Understanding Corrosion in Water Pipelines: A Guide for Pipeline Designers



Last updated: June 22, 2018

What Does Conductivity Mean?

Conductivity is the measure wherein heat or electrical charge is capable of passing through certain materials. Conductors are materials that can give very low resistance to thermal energy or electrical current flow.

Metals are considered to have the highest level of conductivity, while materials such as woods, ceramics and plastics have the lowest conductivity.

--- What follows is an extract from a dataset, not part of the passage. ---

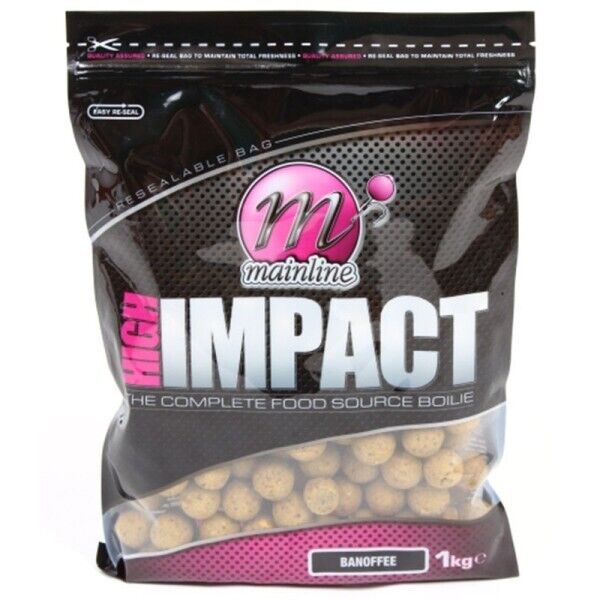 BOUILLETTE MAINLINE HIGH IMPACT BANOFFEE 15 mm - 1Kg Alciumpeche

Corrosionpedia Explains Conductivity

Conductivity is measured by the international standard (SI) unit Siemens per meter (S/m). Measuring the conductivity of materials can be beneficial in many ways, such as to progressively trend and monitor system performance. This is applicable in the case of water purification.

Measuring conductivity is commonly used in various environmental and industrial applications. It is a reliable, fast and cost-effective way to gauge the ions within a solution. In almost all instances, conductivity is strongly associated with total dissolved solids (TDS). For instance, water that is highly de-ionized has about 5.5 S/m of conductivity, while seawater has around 5 S/m and ordinary drinking water has a conductivity ranging from 5-50 micro Siemens per meter.

With accurate measurement of conductivity, detecting the absence or presence of ions within a solution can be performed with ease and accuracy. This aids in monitoring water quality in areas like hospitals, public water, water in boilers and other industries.